I am most definitely not going to import decode each MIME part into its original file data so I can test that decoded data before importing selected attachments.

So, slight change in plans.

I will now not delete attachments imported via import attachments of record where record type is picture and their size is < minPictureSize.

I still won’t delete MIME parts which are of Content-Type: image/ and of Content-Disposition: inline if the currentPartSize < minMIMEEncodedSize and I will still delete all other attachment MIME parts (except those of Content-Type: text/). So, in fact, I don’t need to re-process the message sources to “correct” this “mistake” (see below)

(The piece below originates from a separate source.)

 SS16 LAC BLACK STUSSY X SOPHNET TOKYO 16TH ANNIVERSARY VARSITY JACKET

This allows (most) signature images to still display in the message, and I may or may not manually delete those at a later stage via a Smart Group like:

I can narrow it down further by only including .jpg, .jpeg, .png, and .gif files (the most likely graphics file types used in signatures).

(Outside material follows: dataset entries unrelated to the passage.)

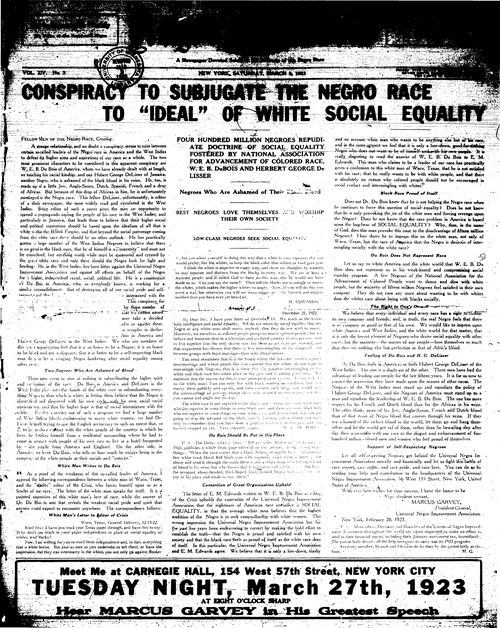 Front page, March 3, 1923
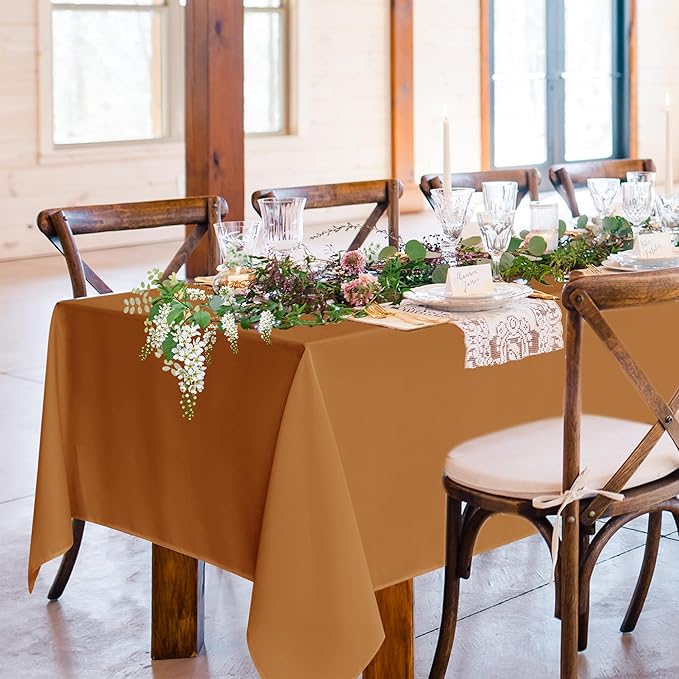 Fitable 6 Pack Bronze Rectangle Table Clothes - 90 x 156 Inch - Wrinkle and Stain Resistant Fabric Fall Tablecloths, Washable Polyester Table Covers for Wedding Thanksgiving Party Banquet Events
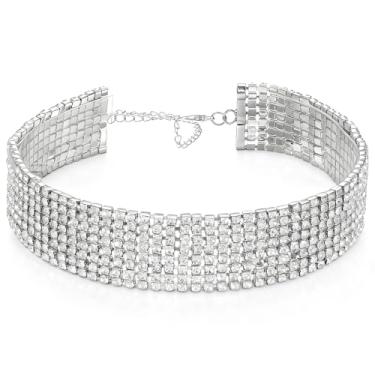 Imagem de FdcLixuvol Gargantilha de strass prata brilhante gargantilha feminina brilhante cristal strass gargantilha larga ajustável para casamento nupcial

For now, the implications:

  • The script actually completed 2010 in about half the time (1h06m vs 2h00m), including recreating message sources
  • I’ll need to re-import and re-process all the 2002+ year archives (except 2010) – however, I don’t need to recreate the message source, I just need to re-import the picture attachments via import attachments of record and keep those < 50,000 bytes, so processing will be much quicker than prior runs, but importing the mailboxes will still be some level of pain
  • For 2010, an extra 1,000 attachments were not deleted, and 15MB of extra space is used before any manual processing – so I’ll gain less space back than the above table implies (maybe < 5%, going by 2010 figures)
  • There’ll be extra manual processing time after running the script if I want to get rid of obviously-signature-related images in DEVONthink

So my plan is to finish checking over the script for any other (now) obvious issues or improvements while I re-import the mailboxes, then run the re-processing and see where I’m at and post results and the next iteration of the script here.

The adventure continues!

Sean

Nothing like a deadline to spur action…

It’s Friday night and as of 7 hours ago, I start my new job (yay!) next Thursday morning (I did not see that coming!).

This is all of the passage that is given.